CBN Expert Materials

the visual interfaces, graphics, design, systems, methods, information, computer code, software, services, “look and feel”, organization, compilation of the content, code, data, and all other elements of the Notch Services;

CBN Expert Services

the Web Site, System, Content, Platform and all content, services and/or products available on or through the Platform;

Client

a natural or legal person who has accepted these Terms with the Supplier;

Client Data

Files and any other digital data and information, which is subjected to the Notch Services or otherwise inserted to the System by the Client (including the specific Users data and any third party data uploaded by the Client);

Content

any data and information available through CBN Expert Services or contained within the structure of the System, articles, documents, brochures, presentations, pictures, images, audio-visual works, other informational materials and any comments;

Dashboard

a client’s ongoing dashboard displaying the data uploaded by the Client;

Fee

regular payment for using the activated Account;

Files

documents of any kind (images, spreadsheets, text files, etc.) that are inserted to the System by the Client, and usually associated with the Dashboard;

Free Trial

temporary access for the purposes of trying out the Web Site and Notch Services in accordance with any selected Plan without paying a Fee;

Guidelines

additional guidelines or rules applicable to specific features, applications, products, or services which may be posted from time to time on the Platform or otherwise made available on or through the Notch Services;

Organization

legal persons (such as companies) and other entities with which that Client is sharing the Dashboard information with;

Plan

various criteria related to the use and functionality of the Notch Services and on which the Fee is based;

Platform

the Notch customer reporting management application;

Products

the goods or services that a client is offering to persons and Organizations;

Special Terms

any particulars, specifications and conditions by which the parties have agreed to deviate from these Terms;

Supplier

as the context requires, Notch Ltd, the “Supplier”;

System

the integrated cloud computing solution for providing the Notch Services, including applications, software, hardware, data bases, interfaces, associated media, documentation, updates, new releases and other components or materials provided therewith;

User

a natural person granted with the Authorization to use the Account on behalf of a client;

Web Site

the compilation of all web documents (including images, php and html files) made available via www,.notch.eco or its sub domains or domains with identical names under other top domains and owned by Supplier.

The use of the Notch Services is subject to acceptance of these Terms.

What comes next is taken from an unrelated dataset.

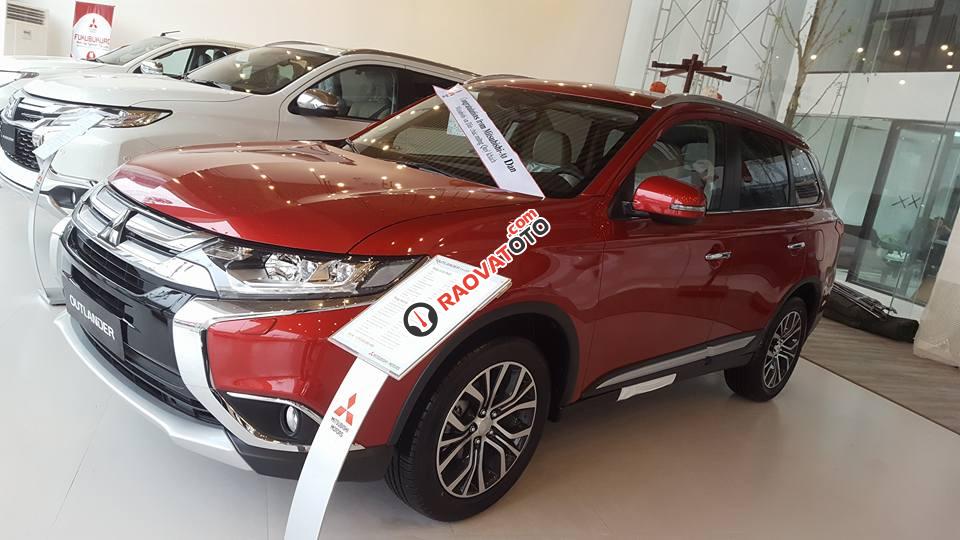 Bán ô tô Mitsubishi Outlander đời 2018, màu đỏ, lợi xăng 7L/100km, giá cực ưu đãi, liên hệ: 0905910199-1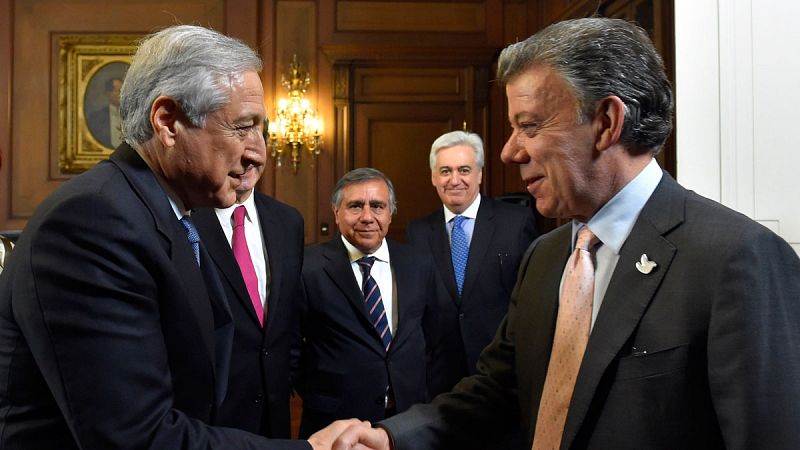 Santos propone a las FARC iniciar 2016 con un alto el fuego bilateral y definitivo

To accept these Terms for itself or on behalf of a client, a person must have the legal capacity to do so. In the case of an individual, the individual must be at least 18 years of age or have valid authorization from his/her legal representative or custodian. In the case of a legal entity, the entity must be duly incorporated and in good standing.

The Terms are accepted as soon as one of the following occurs first:

the person has received the confirmation of the creation of the Account and necessary credentials from Supplier in order to log in to his/her/its Account; or 

for those Notch Services and parts of the Web Site the use of which is not dependent on creating an Account, upon the moment of gaining access to such services. 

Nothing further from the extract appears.